The white paper presents results from DMEautomotive’s study of the $215 billion U.S. auto service market and an analysis of consumer service loyalty rates at dealerships, independent stores and aftermarket chains, according to the company.  

Data in the report indicates that the dealership service center is becoming a "senior center,” as younger consumer segments are significantly gravitating toward aftermarket chains. The report also provides evidence that the record age of the U.S. vehicle fleet is significantly benefiting independent stores and aftermarket chains while taking its toll on dealerships.

Produced by the company’s Strategy & Analytics division, the white paper is based on a recent survey of 4,000 U.S. vehicle owners. It identifies three levels of loyalty for service center customers: "loyalists" who both visit and spend most at a store type; "swing loyalists" who either visit or spend most at a store type, but not both; and "disloyalists" who neither visit nor spend most at that store type.

Data from the paper analyzed also loyalty, spend and service selection motivators by age, and revealed that dealership "loyalists" represent the oldest service customer. Aftermarket chains — which are poaching the largest share of business from both dealerships and independent shops — are best capturing the younger wave of shoppers.
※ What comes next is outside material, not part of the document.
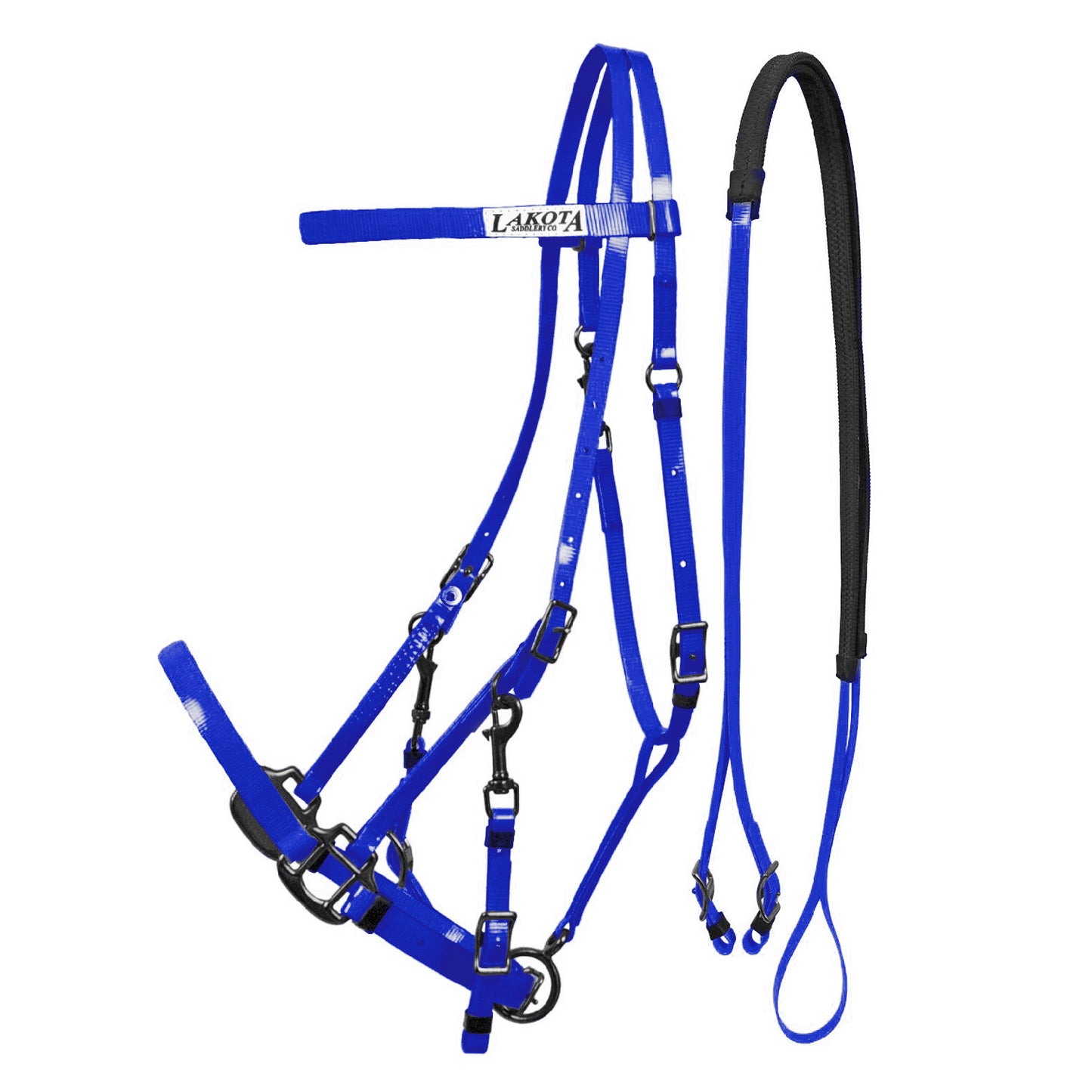 Cabezada de cuerda en Biothane Lakota - Azul royal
The report also showed that dealership loyalists are more likely to be 60 or older. Roughly half (47 percent) of aftermarket loyalists are less than 34 years old, while nearly half (46 percent) of dealer loyalists are 50 years old or older.
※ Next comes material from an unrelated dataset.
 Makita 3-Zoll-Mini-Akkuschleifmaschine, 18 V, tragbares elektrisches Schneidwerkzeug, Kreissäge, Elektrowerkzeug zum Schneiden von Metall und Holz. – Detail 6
More than one third of those most likely to be disloyal to a dealership service center are only 25 to 34 years old, according to DMEautomotive. With a significant percentage of a dealership's loyalists poised to exit the market as young aftermarket loyalists enter, the company said its findings have troubling implications for dealerships service centers.

"If dealerships don't replace their aging loyalists, and aftermarket stores are successful in retaining their loyalists as they charge towards their prime spending years, a share-of-wallet sea change is looming that would greatly favor aftermarket stores," said Doug Van Sach, vice president, Strategy & Analytics, DMEautomotive.

The company’s data revealed that loyalists drive 62 percent of the $78 billion dealership service market. If dealerships lost and did not replace loyalists over the age 75, it would represent a loss of $310 million. If loyalists in the over 70 age bracket exited the market un-replaced, it would represent a hit of $3.4 billion.

Additionally, DMEautomotive's data indicated also that an aging, out-of-warranty vehicle fleet favors the aftermarket, while it takes a toll on dealerships. Consumers reported on their service center preferences for five "bread-and-butter" services across their vehicles' lifespan, and the company identified major dealership defection points around brakes, battery and tires.

Less than half (45 percent) reported they're likely to visit the dealership for these core services even within the first two years of ownership — when the in-warranty dealership relationship is still strong. As vehicles hit three to six years, dealerships lose on average 47 percent of that initial business, with only 31 percent reporting they would use dealerships for these services, the report concluded.

By seven years or more, only 13 percent of customers will select dealerships for these services. The survey also revealed that independents and aftermarket stores grab significantly more "core" service business at vehicle age three, much earlier than many dealerships may imagine.

"This white paper explores many serious, often surprising, shifts underway in the U.S. service market where more than three in four customers and 42 percent of dollars are currently in play. And the 'graying' dealer loyalist base and vehicle population are two distinct forces poised to further color the market-share picture," Van Sach said. "Our next white paper will help every service category develop smarter communications and marketing programs to retain their loyalists, convert more of the ‘swing’ and ‘disloyalist’ customers, and reach entirely new shoppers."